Looking through Lloyd's War Losses Vol. I regarding the Tanker Ohio O.N. 168296. from Operation Pedestal. Lloyd's states one crew and one gunner killed during the operation to relieve Malta. Found the gunner through the Deaths at Sea Register and is confirmed as:

BROWN, Gunner, PETER, 1823820, 7/4 Maritime Regt., Royal Artillery. 13 August 1942. Age 38. Son of Ellen Brown, of St. Helens, Lancashire

Nothing on any crew member registered within the CWGC, until I found an entry in the December 1942 Register for Ohio and a Steward named Raymond Banner from Methil who is recorded as dying on the 26th September 1942 at Malta from Peritonitis. I'm going to see if I can find where he is buried, Seems terrible that someone who survived what he went through and to die anyway and be completely forgotten is unjust.

There are 11 Merchant Seamen buried on Malta on the Capuccini Naval Cemetery. Two are recorded as official war dead while the other nine are recorded as "non war dead" though their graves are looked after by the Commission. Why has Raymond Banner been forgotten.

Official War Grave Status

BUSHELL, Third Engineer Officer, WILLIAM, R.F.A. Celerol. Merchant Navy. 20th July 1944. Age 47. (served as WILCOCK,). Son of William Bushell, and of Margret Elizabeth Bushell (nee Wilcock); husband of Mary Ellen Bushell, of Rishton, Lancashire. (Recorded in the Deaths at Sea Register August 1944. p.4. Cause of death. Drowning, Asphyxia)

PHILLIPS, Able Seaman, JAMES HANDEL, M.V. Dunedin Star (London). Merchant Navy. 28th September 1941. (Recorded in the Deaths at Sea Register February 1942. p.12. Cause of death. Enemy Action. Shock. Compound fracture of right Tibia & Fibula) Dunedin Star had been sailing in convoy in "Operation Halberd"

"Non War Dead" graves looked after by the CWGC.

AH KWONG, Sailor, Merchant Navy. 12th December 1946. (Can not trace without knowing ships name)

***MINGS, Able Seaman, R, SS 'Rallus'. Merchant Navy. 20th January 1943. (Recorded in the Deaths at Sea Register August 1943. p.10. Cause of death. Acute TB & Broncho Pneumonia)

DINIZ, Chief Steward, MAURIUS, S.S. "Derwent Dale.". Merchant Navy. 28th January 1944. (Recorded in the Deaths at Sea Register March 1944 p.2. Cause of death. Pulmonary TB)
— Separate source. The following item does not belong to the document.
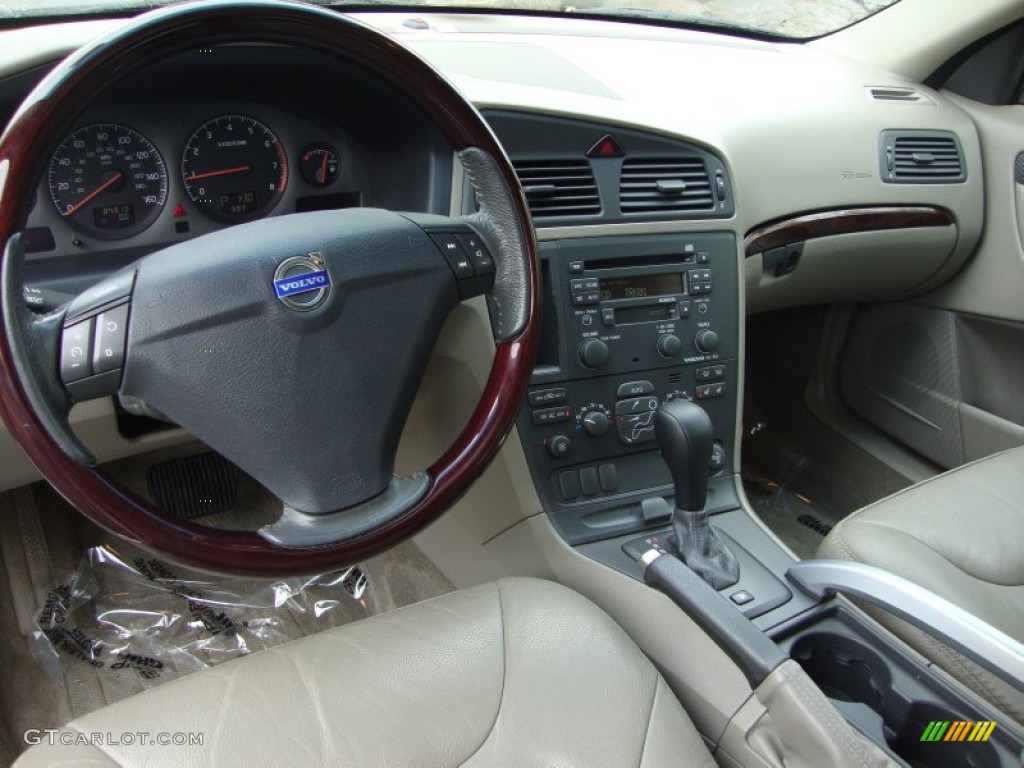 2003 XC70 AWD - White / Taupe photo #21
DIXON, Ordinary Seaman, ALEXANDER, SS 'Empire'. Merchant Navy. 22nd February 1944. (Not recorded in the Deaths at Sea Register)

KENNEDY, Fireman, P, S.S. "Brittany Coast.". Merchant Navy. 18th July 1944. (Recorded in the Deaths at Sea Register August 1944 p.4. Cause of death. Drowning)

LYNCH, Engineer Officer, JAMES, Merchant Navy. 1st March 1942. (Can not trace without knowing ships name)

McDOWELL, Cook, WILLIAM, S.S. "Avon Coast.". Merchant Navy. 24th December 1943. (Recorded in the Deaths at Sea Register February 1944 p.16. Cause of death. Drowning, Asphyxia)

SLEIGHT, Chief Steward, FRANK, RFA Blue Ranger. Merchant Navy. 5th May 1947. (Recorded in the Deaths at Sea Register May 1947. p.3. Cause of death. Asphyxia by hanging)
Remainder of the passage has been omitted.